Genetic diversity and population structure as surrogate markers for transmission intensity
Given the need for reliable estimates of malaria transmission levels to design and evaluate control strategies, parasite genetic diversity and population structure have been assessed as surrogate markers for transmission intensity; with lower diversity, less gene flow and more sub-structure expected once transmission is low. While overall a trend towards lower diversity was observed in regions of low and focal transmission, often differences in diversity were minimal despite substantial differences in transmission intensity [3, 6, 39, 54]. For example, P. vivax microsatellite diversity in Papua New Guinea and Madagascar was nearly identical [39], even though endemicity in the former is very high, while it is low-moderate in the latter [55].
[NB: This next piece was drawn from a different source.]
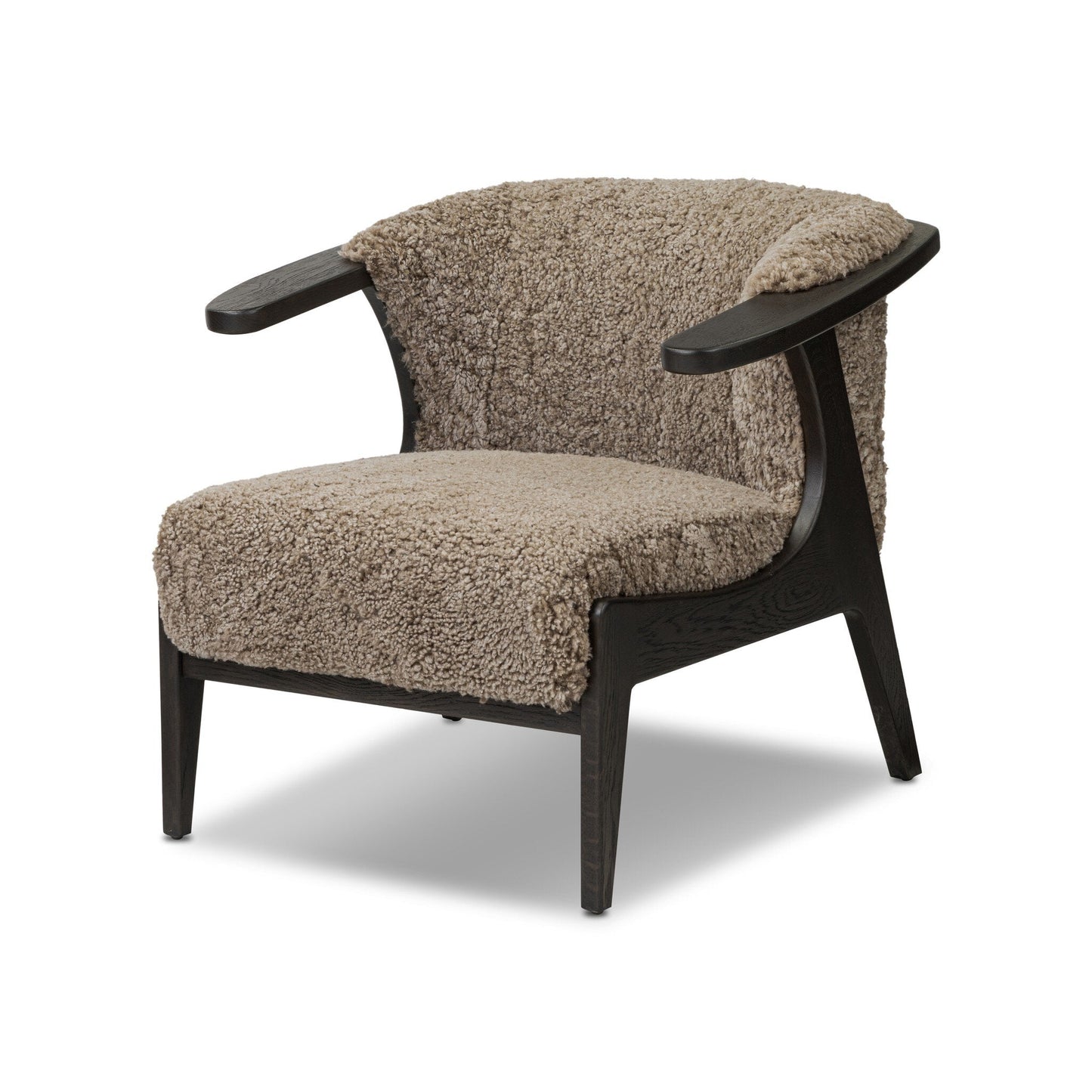 The Fabian Chair features dark wooden legs and frame with plush, textured beige upholstery on the seat, backrest, and inner arms. Its open, angled design and compact size make it perfect for contemporary spaces.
P. falciparum clonal parasite populations, consistent with outbreaks in regions with very low transmission, occurred in several countries [38, 45–48]. In contrast, clonal or near-clonal P. vivax population structure was only reported in a few cases and the findings are difficult to interpret. While a near-clonal P. vivax population structure was found in Tajikistan, where malaria has been virtually eliminated with the exception of imported cases [39], or Iran, where transmission is low [56], it has also been reported from Ethiopia, where transmission is considered to be high [57]. Thus, the occurrence of clonal or closely related parasites cannot generally serve as a marker for low P. vivax transmission. On the other hand, Sri Lanka has been declared malaria-free in 2016 after no locally acquired case had been diagnosed for over three years (http://www.searo.who.int/mediacentre/releases/2016/1631/en/), yet in the years just preceding elimination P. vivax diversity had remained high [58].
While genetic diversity markers may help to better understand the transmission scenario, they can only complement, but not replace, measurements such as entomological inoculation rate or force of infection, the number of clinical cases, or prevalence of infection by microscopy or PCR. Likewise, parasite population structure is a poor surrogate marker for transmission intensity. While distinct parasite population clusters in regions of low or moderate endemicity were observed, some of them now aiming for malaria elimination [57, 59], the effective population size is large in many endemic countries [39]. Thus, once gene flow is interrupted it will take many parasite generations until populations exhibit pronounced genetic differences (www.nature.com/scitable/topicpage/genetic-drift-and-effective-population-size-772523). As a result, population sub-structuring might serve as an indicator about past transmission in regions where little data is available, but not necessarily as a measure for recent changes. Importantly, vector distribution might have a pronounced impact on parasite population structure, further confounding its relationship to transmission intensity (Box 1).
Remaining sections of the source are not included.